Mamata govt tried to crush rumours by force in Bhangar and miserably failed
Blockade continued at Bhangar for the fourth consecutive day in Bhangar.kolkata Updated: Jan 20, 2017 20:58 IST
Successful completion of the power grid project at Bhangar was necessary for the Mamata Banerjee government not only because it is supposed to play a crucial role in supplying power to Kolkata but also because the required land for the project was acquired following the chief minister’s alternative to the model applied in Singur and Nandigram by the erstwhile Left Front government that she toppled.

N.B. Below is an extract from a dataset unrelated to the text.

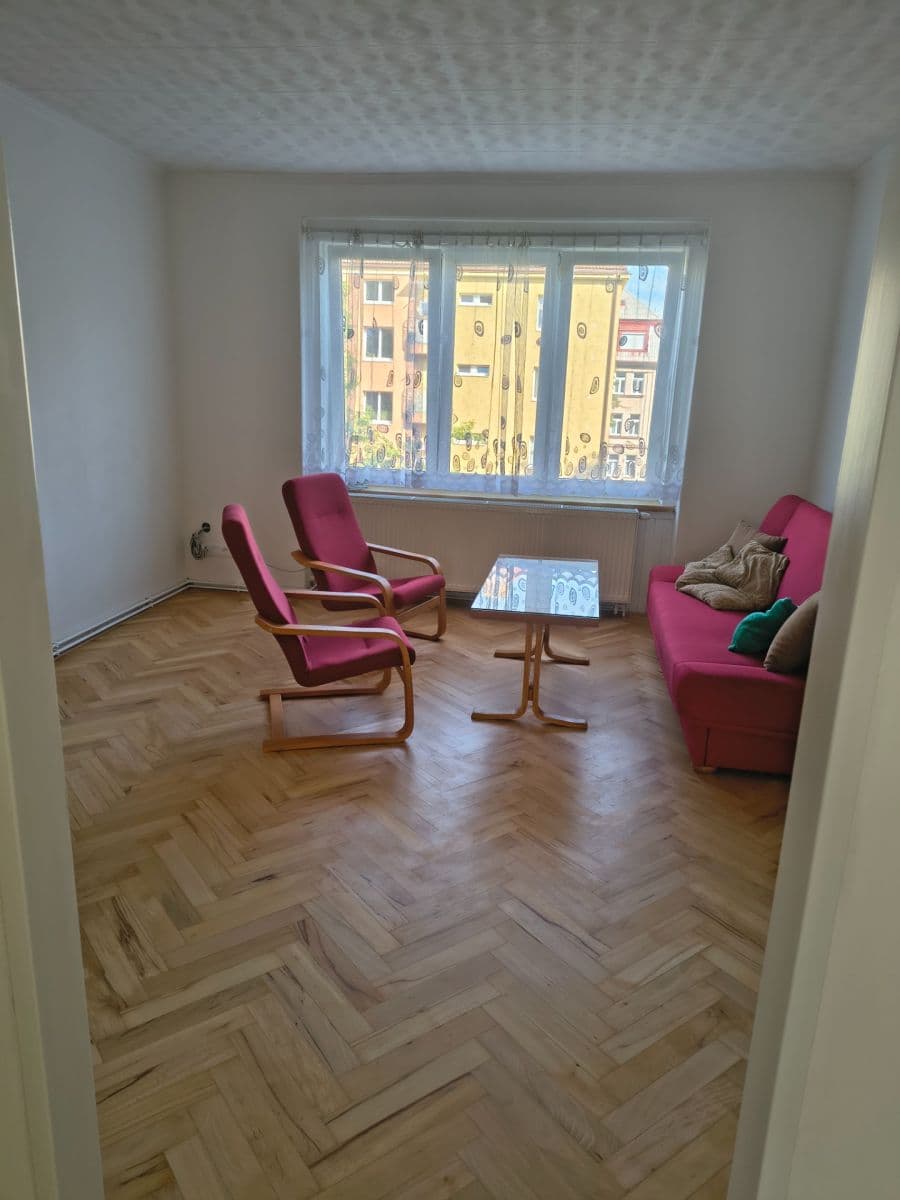 Pronájem bytu 3+1 74 m², Sladkovského, Kolín, Středočeský kraj Pronájem bytu 3+1 74 m², Sladkovského, Kolín, Středočeský kraj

The Left Front government led by Buddhadeb Bhattacharjee had decided to acquire the entire stretch of required land in Singur and Nandigram, which sparked of violent protests that finally culminated into the end of a 34-year-old regime.
At Bhangar, however, authorities of the Power Grid Corporation of India obtained the land following local level dealing with individual landowners in 2014. However, the manner in which the deals were sealed had sowed the seeds of trouble right at the beginning. Now that troubled erupted possibly at the worst hour – barely a few days before the Bengal Global Business Summit – and forced the chief minister to ask her confidante Mukul Roy to find out who failed the government, HT spoke to locals to find out how the local administration and her party’s local leadership tried to crush rumours with force, and miserably failed.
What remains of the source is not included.